<<<<
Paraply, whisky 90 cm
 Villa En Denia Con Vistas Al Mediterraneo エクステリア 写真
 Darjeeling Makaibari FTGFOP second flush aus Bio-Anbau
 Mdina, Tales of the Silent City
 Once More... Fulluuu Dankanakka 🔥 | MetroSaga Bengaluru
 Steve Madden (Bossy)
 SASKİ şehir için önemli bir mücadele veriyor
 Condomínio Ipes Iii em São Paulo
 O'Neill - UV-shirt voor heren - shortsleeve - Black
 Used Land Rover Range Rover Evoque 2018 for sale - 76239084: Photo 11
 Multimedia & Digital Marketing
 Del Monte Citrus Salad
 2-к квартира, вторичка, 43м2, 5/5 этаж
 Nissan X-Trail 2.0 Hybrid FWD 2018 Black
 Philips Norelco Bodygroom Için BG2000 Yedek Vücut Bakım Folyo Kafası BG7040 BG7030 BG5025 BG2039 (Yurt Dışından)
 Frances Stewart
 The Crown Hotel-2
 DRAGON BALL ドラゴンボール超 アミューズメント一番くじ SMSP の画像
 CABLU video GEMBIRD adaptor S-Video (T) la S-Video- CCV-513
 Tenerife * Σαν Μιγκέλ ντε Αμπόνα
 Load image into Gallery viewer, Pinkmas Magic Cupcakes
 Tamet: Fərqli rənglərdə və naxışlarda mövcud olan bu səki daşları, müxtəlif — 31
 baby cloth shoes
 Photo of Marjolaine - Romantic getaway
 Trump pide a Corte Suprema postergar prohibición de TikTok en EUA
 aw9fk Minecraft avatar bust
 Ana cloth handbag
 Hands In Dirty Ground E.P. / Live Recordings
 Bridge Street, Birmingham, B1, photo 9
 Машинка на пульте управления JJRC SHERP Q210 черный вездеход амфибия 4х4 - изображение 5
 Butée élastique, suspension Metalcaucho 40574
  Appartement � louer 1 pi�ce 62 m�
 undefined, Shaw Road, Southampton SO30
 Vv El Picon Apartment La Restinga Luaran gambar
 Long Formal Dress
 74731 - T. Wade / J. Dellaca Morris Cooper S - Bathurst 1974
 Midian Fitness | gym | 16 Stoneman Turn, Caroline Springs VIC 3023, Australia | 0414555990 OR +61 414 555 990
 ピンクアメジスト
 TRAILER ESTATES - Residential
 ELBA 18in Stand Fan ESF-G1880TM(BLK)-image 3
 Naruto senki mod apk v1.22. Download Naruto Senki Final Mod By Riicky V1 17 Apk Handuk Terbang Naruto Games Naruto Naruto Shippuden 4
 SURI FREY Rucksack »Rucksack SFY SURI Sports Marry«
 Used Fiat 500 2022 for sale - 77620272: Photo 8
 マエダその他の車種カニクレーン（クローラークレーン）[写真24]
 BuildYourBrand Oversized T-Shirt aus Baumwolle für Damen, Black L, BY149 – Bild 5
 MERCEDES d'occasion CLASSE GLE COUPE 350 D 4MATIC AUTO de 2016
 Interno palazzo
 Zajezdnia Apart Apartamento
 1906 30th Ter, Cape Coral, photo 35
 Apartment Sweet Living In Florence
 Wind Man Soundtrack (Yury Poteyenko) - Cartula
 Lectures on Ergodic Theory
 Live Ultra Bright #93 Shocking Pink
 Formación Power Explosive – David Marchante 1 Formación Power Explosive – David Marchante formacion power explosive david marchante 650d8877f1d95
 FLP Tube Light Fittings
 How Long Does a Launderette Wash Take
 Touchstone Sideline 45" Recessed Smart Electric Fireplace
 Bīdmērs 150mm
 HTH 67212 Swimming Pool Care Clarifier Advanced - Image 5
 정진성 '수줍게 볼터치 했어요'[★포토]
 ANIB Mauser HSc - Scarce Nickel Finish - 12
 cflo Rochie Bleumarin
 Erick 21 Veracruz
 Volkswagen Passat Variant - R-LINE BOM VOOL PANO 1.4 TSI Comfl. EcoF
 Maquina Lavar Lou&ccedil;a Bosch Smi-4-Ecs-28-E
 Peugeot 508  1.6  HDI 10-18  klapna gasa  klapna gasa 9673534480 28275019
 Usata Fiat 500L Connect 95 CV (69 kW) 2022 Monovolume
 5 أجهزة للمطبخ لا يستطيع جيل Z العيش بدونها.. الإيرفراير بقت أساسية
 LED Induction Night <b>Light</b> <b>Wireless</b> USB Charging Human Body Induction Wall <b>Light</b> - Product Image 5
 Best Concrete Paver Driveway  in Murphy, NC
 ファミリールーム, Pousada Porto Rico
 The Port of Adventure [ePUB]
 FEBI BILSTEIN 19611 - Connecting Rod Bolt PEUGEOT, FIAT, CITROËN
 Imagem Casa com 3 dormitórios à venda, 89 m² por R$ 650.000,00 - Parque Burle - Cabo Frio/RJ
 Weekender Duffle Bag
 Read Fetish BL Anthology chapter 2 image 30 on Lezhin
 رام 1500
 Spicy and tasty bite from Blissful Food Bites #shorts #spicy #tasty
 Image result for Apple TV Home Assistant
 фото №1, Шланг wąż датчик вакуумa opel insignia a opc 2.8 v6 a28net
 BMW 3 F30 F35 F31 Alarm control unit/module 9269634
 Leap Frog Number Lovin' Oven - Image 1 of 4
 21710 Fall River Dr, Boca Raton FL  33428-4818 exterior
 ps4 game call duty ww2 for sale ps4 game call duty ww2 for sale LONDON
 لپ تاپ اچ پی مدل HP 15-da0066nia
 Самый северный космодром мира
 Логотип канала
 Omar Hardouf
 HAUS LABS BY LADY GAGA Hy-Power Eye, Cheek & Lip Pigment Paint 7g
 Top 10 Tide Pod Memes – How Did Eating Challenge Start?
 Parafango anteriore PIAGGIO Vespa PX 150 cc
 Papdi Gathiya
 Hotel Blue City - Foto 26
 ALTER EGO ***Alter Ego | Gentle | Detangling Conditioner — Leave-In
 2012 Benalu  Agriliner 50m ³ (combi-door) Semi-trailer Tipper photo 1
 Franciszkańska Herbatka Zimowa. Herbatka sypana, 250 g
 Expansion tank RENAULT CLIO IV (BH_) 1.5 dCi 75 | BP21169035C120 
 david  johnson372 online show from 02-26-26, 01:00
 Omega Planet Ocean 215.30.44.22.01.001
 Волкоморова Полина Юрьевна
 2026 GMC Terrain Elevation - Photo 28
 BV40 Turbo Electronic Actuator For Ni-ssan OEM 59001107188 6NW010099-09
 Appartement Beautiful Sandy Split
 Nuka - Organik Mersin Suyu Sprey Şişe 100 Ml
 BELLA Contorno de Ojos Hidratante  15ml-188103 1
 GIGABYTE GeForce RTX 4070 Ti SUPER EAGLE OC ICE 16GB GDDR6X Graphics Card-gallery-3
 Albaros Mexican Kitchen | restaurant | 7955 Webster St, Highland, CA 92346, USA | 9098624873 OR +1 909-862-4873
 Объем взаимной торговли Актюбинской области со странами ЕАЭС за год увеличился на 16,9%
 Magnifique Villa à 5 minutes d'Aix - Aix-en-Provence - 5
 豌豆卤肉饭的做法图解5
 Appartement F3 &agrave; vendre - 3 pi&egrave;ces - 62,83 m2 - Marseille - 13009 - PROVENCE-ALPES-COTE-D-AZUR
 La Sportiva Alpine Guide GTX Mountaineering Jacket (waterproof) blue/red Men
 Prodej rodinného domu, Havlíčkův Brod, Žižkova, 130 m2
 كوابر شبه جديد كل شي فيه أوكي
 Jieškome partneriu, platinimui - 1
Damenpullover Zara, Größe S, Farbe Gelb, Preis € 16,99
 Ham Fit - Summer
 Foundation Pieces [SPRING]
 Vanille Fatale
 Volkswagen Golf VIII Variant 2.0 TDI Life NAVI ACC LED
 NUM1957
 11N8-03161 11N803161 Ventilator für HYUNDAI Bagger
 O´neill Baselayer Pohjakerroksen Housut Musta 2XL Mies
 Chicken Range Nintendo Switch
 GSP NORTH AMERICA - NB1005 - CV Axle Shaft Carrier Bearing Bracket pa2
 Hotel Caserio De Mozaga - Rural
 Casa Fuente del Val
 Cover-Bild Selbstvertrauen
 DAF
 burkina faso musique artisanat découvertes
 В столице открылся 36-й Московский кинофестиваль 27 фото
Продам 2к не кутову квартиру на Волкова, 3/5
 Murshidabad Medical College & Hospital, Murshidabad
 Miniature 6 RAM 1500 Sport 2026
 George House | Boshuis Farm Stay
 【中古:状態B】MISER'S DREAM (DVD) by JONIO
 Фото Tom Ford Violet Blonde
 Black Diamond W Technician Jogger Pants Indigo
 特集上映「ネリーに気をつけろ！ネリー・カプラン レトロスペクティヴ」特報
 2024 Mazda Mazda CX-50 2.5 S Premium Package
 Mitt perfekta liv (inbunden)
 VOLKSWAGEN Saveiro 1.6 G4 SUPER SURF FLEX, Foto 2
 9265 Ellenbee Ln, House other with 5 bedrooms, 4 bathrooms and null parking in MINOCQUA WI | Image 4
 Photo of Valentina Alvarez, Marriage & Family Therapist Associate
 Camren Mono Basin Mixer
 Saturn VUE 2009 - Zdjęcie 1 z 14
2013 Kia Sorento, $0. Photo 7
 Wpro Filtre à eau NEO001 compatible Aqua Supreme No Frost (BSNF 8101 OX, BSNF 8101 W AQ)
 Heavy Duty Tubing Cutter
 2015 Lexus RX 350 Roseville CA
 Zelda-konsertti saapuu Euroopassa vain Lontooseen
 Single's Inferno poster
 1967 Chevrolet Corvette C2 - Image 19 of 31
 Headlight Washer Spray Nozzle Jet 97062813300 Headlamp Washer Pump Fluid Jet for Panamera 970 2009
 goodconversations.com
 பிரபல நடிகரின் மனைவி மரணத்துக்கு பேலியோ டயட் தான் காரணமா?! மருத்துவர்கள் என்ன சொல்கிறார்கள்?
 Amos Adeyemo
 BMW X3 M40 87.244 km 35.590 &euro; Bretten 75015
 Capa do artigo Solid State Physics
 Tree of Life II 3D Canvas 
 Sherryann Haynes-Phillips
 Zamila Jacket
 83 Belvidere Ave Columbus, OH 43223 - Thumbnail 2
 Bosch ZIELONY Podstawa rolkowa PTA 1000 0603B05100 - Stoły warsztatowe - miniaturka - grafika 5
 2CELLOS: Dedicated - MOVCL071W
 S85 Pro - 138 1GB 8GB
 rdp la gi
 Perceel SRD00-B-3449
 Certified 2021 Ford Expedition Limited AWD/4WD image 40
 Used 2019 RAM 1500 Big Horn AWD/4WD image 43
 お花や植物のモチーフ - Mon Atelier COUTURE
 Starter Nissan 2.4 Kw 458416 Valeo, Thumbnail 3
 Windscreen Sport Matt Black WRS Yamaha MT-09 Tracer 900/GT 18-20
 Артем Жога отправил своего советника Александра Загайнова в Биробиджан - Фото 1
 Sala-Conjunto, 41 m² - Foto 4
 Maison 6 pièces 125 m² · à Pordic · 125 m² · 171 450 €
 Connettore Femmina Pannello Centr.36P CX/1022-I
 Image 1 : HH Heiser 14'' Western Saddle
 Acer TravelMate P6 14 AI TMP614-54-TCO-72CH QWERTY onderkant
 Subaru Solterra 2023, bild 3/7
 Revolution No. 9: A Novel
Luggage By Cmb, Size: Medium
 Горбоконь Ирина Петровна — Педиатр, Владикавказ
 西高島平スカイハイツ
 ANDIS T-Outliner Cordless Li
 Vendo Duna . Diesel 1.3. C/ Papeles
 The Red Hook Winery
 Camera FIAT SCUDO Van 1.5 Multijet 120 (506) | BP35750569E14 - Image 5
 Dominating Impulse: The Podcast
>>>>
**TASK DETAILS**
Within the records above, each line containing "Jacket" is to be returned.

**SOLUTION TO THIS TASK**
 La Sportiva Alpine Guide GTX Mountaineering Jacket (waterproof) blue/red Men
 Zamila Jacket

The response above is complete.